Equitable property division is the "fair" distribution of property owned by both spouses—either marital or separate—in the event of a divorce as determined by the court. The critical term is fair concerning equitable property division proceedings. As discussed above, what the court deems "fair" in equitable property division is rarely equal. Connecticut is an all-property state, meaning that all types of property are considered when the court makes its findings. It is important to know the difference between the types of property to be divided.

While a divorce decree could result in a 50/50 split on all marital property, in practice, that rarely happens. In Connecticut, equitable distribution means that the court will consider various factors when they decide how the marital property will be divided. This could result in one spouse receiving the lion's share of the property to balance an inequity in earning power or to provide a financially dependent spouse with the means to become self-sufficient.

Separate property is any property owned solely by one spouse, such as property acquired before the marriage, gifts, or inheritances.  In most equitable division jurisdictions, separate property would be excluded from the court's distribution discretion because property established to belong to one person should remain with that person. However, because Connecticut is an all-property state for the purposes of divorce, even the property which has been proven to be owned or under the control of only one spouse is still subject to distribution. This includes exotic property like art, cars, and other unique or custom items.

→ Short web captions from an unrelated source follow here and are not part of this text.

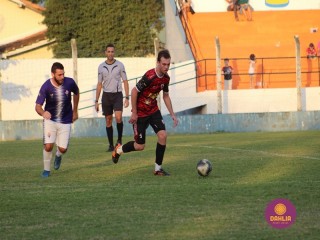 
<a style='margin-left: 5px;' class='btn btn-xs btn-social btn-facebook' href='https://www.facebook.com/sharer/sharer.php?u=https://www.boladovale.com.br/imgs/800-800-90/conteudo/fotos/1575/img8416.jpg' rel='popup' data-width='500' data-height='400'><i class='fa fa-facebook'></i>Compartilhar <span class='hidden-xs'>no Facebook</span>
</a> 
<a class='btn btn-default btn-xs' target='_blank' href='imgs/800-800-90/conteudo/fotos/1575/img8416.jpg'>
<span class='glyphicon glyphicon-cloud-download'></span> Salvar
</a> 
<span></span>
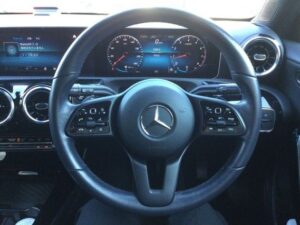 2019 Mercedes-Benz A180 — photo 3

Marital property is property obtained by either party while married. This property can include items like cars, houses, or other financial assets acquired while you and your spouse are married. Even assets like retirement funds can be distributed in divorce to the extent that those funds were added to the account while married.

It is unlikely that any spouse will be left without any interest in their 401k at divorce. But because retirement accounts are eligible for "Equitable Distribution" in a divorce, it is possible that a spouse could be forced to part with a portion.

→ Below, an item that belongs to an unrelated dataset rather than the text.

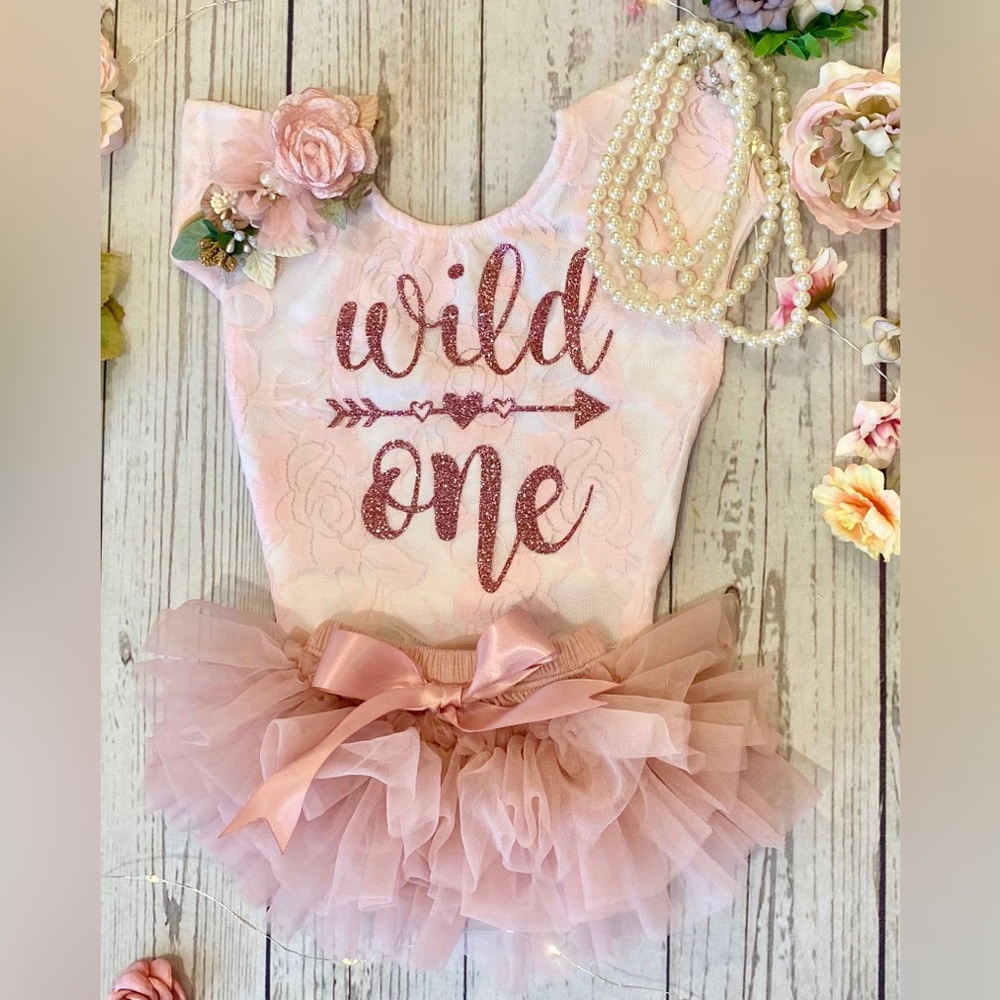 WILD ONE outfit *NEVER WORN*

Through the discovery process, your lawyer can demand that your spouse provide all relevant financial information. This may include whether they have a retirement account and which institution services it. Spouses that seek to hide assets may be sanctioned by the court.

For a prenup to be valid in Connecticut, it must meet several requirements. The judge handling your divorce will be responsible for determining the validity of a prenup. However, the divorce attorneys at Needle I Cuda know the law surrounding prenups and will be your best resource in evaluating the potential validity of any prenuptial agreement.

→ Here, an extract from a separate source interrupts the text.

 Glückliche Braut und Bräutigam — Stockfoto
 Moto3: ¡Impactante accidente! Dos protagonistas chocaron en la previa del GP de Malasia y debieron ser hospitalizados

The law in Connecticut does not favor either spouse. A judge deciding who gets the house is bound to follow the law. They are not permitted to favor either spouse when determining what is equitable. Still, a spouse that was the primary caretaker for the children during the marriage can argue that when considering all of the factors, they should remain in the marital home. Spouses must remember that that will not be the only factor considered by the court.

The court may award the marital home to the spouse that is awarded primary physical custody. Still, primary custody is defined as having the children more than 50% of the time. In other words, having primary custody is different from sole physical custody, which would mean one spouse has the children all of the time. In a sole physical custody situation, the spouse caring for the children full-time may be likely to get to remain in the marital home.

Yes, but not unless an order from the court has been obtained or you and your spouse agree that it is best to sell the home--and the sale of your house is incorporated into your final (court ordered) divorce decree. Clearly, before agreeing as impactful as this, you will want to consult with a divorce attorney before any agreement is finalized. Issues surrounding taxes, title, the mortgage, possible liens, and how the proceeds of the sale will be allocated will need to be sorted before a sale is effectuated.

It depends. In short, all property, no matter when it was acquired and by whom, can be divided and distributed upon divorce in Connecticut. This can potentially include a property one spouse owned in full before the marriage. While you may be permitted to argue that certain property should be excluded from the marital estate, the law in Connecticut does allow for equitable distribution of all property of both spouses.

Who will get the marital home after the divorce depends on several factors. If there is an agreement between the spouses on what will happen to the marital home, then that likely will be the result. For divorces where there is no agreement, a judge will decide based on the "Equitable Distribution" factors that must be considered by statute . If there are children involved who are currently living in the home, that may also have a bearing on who will get the home.

While it is rare that a spouse will lose all interest in a business due to a divorce, the business may need to be sold. Still, when this happens, the proceeds from the sale will be distributed between the parties. It is unlikely a business asset will be sold with only one spouse receiving all of the proceeds.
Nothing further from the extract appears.